2Acquisition costs reflect certain non-recurring charges related to major acquisitions completed in fiscal years 2016 and 2017 (excluding the impact of tax) that are not embedded in other balances of the table. Certain portions of the total acquisition costs incurred are included in interest expense, income taxes, depreciation and amortization, and stock-based compensation.

 

 

 

While we believe Adjusted EBITDA is a useful measure for investors, it is not a measurement presented in accordance with GAAP. You should not consider Adjusted EBITDA in isolation or as a substitute for net income, cash flows from operations, or any other items calculated in accordance with GAAP. In addition, Adjusted EBITDA has inherent material limitations as a performance measure.

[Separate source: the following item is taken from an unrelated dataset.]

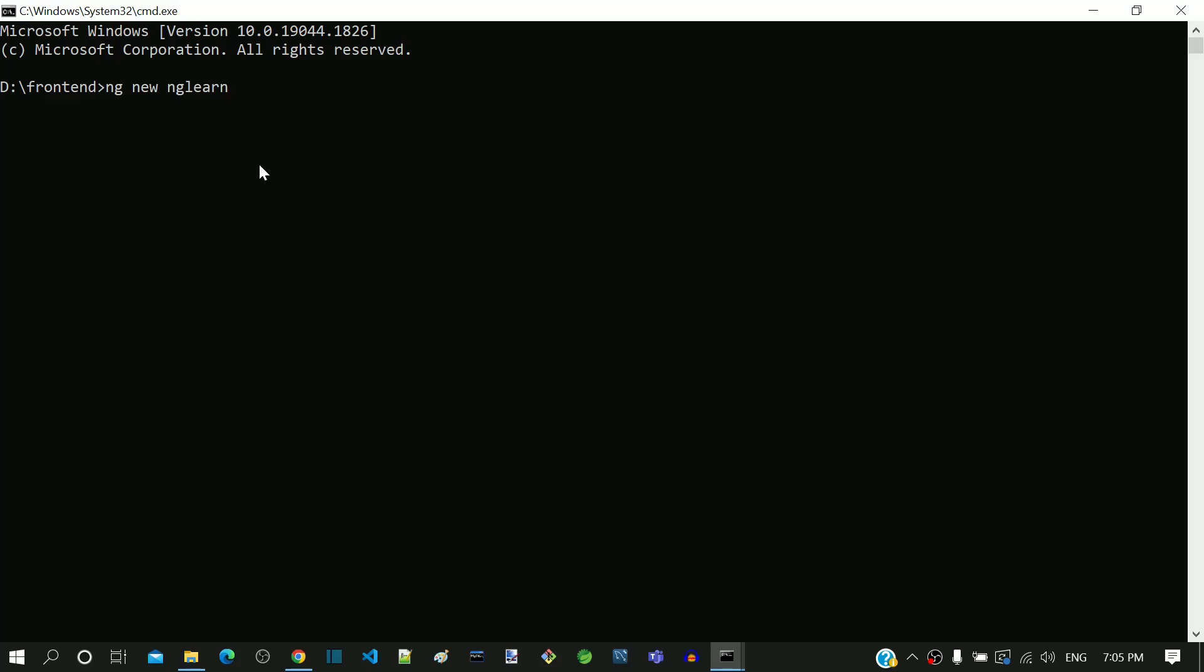In the place of ng-learn, we can give any relevant application name as needed. To run the command, I am pressing enter now.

It does not include interest expense. Because we have borrowed money, interest expense is a necessary element of our costs. In addition, Adjusted EBITDA does not include depreciation and amortization expense. Because we have capital and intangible assets, depreciation and amortization expense is a necessary element of our costs. Adjusted EBITDA also does not include stock-based compensation, which is a necessary element of our costs since we make stock awards to key members of management as an important incentive to maximize overall company performance and as a benefit. Moreover, Adjusted EBITDA does not include taxes, and payment of taxes is a necessary element of our operations. Accordingly, since Adjusted EBITDA excludes these items, it has material limitations as a performance measure. We separately monitor capital expenditures, which impact depreciation expense, as well as amortization expense, interest expense, stock-based compensation expense, and income tax expense. Because not all companies use identical calculations, our presentation of Adjusted EBITDA may not be comparable to other similarly titled measures of other companies.